Creating the model
Last updated
Last updated
To demonstrate the application of the decision tree model, we will consider the Churn data set. Our aim is to be able to predict whether a customer will Churn or not, using a Decision Tree classifier.
Before creating the model, we have included a few pre-processing steps.
Firstly, we have adjusted for missing values in the data by replacing with the mode for discrete (categorical) columns and mean for continuous (numeric) columns.
Secondly, to make the interpretation easy, we have reduced the data set using feature importance. In this step, we have essentially trained a Decision Tree classifier on the entire data set, and then calculated the feature importance for every column using the "model.feature_importances_" function (inbuilt function).
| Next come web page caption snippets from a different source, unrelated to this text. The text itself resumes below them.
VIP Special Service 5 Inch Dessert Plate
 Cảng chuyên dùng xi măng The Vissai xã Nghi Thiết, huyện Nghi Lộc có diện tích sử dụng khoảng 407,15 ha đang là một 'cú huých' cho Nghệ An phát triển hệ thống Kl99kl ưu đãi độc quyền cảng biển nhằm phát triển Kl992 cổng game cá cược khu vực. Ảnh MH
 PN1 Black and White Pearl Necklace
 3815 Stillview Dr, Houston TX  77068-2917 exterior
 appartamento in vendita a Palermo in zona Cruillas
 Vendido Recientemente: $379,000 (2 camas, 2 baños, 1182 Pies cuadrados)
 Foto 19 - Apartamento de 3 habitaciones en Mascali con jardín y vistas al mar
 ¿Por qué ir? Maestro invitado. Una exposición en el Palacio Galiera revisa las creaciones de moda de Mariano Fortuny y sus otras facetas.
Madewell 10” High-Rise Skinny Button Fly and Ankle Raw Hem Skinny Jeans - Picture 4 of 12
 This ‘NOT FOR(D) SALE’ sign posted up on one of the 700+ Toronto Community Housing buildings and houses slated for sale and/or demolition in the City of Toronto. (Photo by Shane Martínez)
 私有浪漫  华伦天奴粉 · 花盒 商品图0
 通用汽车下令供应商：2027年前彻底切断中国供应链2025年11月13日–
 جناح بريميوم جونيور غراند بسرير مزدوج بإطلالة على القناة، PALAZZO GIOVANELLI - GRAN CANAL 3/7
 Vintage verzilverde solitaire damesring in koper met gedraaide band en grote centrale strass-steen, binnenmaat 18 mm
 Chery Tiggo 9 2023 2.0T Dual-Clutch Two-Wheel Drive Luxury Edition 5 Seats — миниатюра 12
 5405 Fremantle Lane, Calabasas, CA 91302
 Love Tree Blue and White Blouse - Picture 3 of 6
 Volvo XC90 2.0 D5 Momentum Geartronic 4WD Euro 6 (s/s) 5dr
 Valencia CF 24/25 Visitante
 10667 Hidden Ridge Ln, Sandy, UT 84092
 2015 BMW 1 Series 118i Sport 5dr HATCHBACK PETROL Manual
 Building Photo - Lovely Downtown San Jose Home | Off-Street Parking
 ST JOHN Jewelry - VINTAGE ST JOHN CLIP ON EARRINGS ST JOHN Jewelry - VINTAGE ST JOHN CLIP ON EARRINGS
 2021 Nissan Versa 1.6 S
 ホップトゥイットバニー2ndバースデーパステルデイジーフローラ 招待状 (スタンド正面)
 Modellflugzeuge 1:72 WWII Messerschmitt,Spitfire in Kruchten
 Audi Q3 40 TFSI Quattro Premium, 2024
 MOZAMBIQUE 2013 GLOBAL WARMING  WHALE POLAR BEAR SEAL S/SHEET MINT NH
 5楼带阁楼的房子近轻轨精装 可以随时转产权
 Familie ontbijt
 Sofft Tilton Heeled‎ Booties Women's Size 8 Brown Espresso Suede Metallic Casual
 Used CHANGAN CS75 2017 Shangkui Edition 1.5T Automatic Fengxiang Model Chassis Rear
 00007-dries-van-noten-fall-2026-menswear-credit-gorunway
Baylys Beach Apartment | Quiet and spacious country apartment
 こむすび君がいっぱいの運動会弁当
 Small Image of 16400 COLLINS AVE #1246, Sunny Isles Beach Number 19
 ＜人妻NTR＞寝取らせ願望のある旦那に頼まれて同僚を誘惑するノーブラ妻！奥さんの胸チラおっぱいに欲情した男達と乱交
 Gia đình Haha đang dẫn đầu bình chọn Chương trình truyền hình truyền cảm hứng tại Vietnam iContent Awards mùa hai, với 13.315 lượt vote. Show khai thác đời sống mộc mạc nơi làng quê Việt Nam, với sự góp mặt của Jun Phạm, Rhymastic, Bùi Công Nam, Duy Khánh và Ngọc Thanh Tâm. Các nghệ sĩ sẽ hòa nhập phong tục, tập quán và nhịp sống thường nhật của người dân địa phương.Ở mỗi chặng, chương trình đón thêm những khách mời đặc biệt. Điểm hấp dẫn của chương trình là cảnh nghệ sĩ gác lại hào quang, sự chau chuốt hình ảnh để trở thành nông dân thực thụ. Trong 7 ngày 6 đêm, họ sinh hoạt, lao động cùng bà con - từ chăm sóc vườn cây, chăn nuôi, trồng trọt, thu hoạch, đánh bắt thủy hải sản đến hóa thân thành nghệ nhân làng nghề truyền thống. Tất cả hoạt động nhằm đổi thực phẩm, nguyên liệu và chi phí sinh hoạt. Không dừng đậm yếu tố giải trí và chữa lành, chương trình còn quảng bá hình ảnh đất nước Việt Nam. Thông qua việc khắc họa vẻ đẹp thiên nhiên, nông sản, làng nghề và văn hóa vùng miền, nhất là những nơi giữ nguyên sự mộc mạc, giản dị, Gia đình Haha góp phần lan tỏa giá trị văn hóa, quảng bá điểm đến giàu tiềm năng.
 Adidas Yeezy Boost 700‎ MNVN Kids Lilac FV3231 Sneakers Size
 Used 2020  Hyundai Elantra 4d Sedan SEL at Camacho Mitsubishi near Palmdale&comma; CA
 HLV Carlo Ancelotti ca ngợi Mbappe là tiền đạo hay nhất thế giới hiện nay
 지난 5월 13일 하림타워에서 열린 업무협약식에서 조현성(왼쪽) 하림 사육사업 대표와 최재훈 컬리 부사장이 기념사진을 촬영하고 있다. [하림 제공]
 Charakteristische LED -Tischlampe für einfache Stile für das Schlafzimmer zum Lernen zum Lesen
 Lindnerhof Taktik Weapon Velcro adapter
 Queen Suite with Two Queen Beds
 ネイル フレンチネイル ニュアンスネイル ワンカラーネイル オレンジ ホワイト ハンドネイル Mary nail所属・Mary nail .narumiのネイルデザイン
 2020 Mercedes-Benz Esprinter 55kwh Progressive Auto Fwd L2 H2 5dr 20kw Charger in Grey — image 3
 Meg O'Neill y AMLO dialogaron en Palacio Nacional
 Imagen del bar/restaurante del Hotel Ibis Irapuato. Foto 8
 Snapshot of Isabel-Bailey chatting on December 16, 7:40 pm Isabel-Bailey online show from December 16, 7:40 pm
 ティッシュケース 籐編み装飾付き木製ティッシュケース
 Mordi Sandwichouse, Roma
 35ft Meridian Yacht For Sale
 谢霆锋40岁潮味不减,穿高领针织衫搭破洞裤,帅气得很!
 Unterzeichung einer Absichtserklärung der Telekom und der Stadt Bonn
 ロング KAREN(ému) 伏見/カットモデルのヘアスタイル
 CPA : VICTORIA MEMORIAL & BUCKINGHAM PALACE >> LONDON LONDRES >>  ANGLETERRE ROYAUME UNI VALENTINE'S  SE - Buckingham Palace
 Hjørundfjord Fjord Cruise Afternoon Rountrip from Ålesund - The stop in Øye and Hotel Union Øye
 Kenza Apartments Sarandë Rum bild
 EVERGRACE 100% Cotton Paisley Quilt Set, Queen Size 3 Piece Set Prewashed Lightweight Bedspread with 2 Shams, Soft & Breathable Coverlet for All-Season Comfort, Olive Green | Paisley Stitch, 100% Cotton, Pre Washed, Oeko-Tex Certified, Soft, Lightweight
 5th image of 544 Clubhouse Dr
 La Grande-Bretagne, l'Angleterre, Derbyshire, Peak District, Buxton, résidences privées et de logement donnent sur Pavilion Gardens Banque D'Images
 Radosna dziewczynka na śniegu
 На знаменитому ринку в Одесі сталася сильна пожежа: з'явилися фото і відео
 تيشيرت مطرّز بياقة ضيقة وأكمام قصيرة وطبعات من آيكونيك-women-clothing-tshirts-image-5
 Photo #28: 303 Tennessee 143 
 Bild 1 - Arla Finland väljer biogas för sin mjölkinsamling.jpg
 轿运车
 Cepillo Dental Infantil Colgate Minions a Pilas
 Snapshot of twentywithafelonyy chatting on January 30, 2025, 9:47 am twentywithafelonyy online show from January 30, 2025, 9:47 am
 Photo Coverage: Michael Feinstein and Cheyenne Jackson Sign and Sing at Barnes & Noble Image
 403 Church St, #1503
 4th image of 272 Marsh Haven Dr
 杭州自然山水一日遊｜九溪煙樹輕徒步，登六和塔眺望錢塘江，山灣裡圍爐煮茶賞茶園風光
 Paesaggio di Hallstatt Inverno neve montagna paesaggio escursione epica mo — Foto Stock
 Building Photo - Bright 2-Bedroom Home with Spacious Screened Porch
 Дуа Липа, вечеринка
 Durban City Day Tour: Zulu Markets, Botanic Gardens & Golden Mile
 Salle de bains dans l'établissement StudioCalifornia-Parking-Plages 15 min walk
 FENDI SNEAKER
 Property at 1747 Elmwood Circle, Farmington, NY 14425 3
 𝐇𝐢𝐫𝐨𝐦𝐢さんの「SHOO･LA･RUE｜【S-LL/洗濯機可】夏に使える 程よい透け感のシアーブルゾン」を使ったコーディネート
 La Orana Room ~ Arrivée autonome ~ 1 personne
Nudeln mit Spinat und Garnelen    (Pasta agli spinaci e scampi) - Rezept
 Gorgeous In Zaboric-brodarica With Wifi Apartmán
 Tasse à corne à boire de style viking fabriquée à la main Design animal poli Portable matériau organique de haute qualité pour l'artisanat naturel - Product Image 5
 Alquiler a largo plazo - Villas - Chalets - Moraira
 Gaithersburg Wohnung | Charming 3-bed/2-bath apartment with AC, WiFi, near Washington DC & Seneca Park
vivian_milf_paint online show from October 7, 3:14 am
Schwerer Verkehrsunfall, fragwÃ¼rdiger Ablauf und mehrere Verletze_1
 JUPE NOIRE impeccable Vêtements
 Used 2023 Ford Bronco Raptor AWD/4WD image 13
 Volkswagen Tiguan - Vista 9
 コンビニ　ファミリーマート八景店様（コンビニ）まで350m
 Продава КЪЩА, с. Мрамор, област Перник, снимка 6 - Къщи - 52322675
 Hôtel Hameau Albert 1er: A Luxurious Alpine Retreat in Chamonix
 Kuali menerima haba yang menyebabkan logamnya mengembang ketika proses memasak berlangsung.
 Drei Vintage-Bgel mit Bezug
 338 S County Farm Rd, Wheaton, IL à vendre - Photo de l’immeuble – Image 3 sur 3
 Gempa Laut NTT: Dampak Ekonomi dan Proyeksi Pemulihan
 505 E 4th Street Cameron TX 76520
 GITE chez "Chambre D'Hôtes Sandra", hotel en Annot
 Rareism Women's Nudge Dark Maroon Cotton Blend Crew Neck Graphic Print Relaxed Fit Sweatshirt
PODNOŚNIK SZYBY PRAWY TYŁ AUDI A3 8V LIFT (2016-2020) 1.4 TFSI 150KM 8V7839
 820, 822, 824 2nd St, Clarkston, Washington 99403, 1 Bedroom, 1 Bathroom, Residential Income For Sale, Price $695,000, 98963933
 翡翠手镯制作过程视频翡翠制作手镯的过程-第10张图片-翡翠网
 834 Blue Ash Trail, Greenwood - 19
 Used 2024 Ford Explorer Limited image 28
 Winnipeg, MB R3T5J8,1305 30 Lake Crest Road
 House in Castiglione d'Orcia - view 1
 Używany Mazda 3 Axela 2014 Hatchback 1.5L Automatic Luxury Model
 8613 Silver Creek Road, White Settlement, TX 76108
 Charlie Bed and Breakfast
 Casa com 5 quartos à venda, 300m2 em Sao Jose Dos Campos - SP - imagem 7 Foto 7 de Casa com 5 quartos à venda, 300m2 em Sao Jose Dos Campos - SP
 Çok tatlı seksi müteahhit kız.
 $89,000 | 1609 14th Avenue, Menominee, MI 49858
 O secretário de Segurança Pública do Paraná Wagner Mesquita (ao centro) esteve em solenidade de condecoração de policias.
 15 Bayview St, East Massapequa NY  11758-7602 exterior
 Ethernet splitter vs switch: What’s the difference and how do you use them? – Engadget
After calculating the feature importance for every column, we have filtered out the columns that had a value lower than our threshold value. The threshold value chosen by us is 0.05, but this can be changed as per your convenience.
Having filtered the unimportant columns, we remain with only four columns - Monthly Charges, Total Charges, Contract and Tenure. We have used these four columns to train our model.
One last step before we train our model is to ensure we use the right hyperparameters. There are multiple ways to find the right hyperparameters that would yield a highly accurate model. In our case, we have used Grid Search to find them. If you are interested in knowing how the Grid Search algorithms works, read this article.
After running the model with the best hyper-parameters from Grid Search, we get an accuracy of 76% on the test set. This is actually pretty good! Especially because trees generally tend to overfit on training data and don't perform well on test data.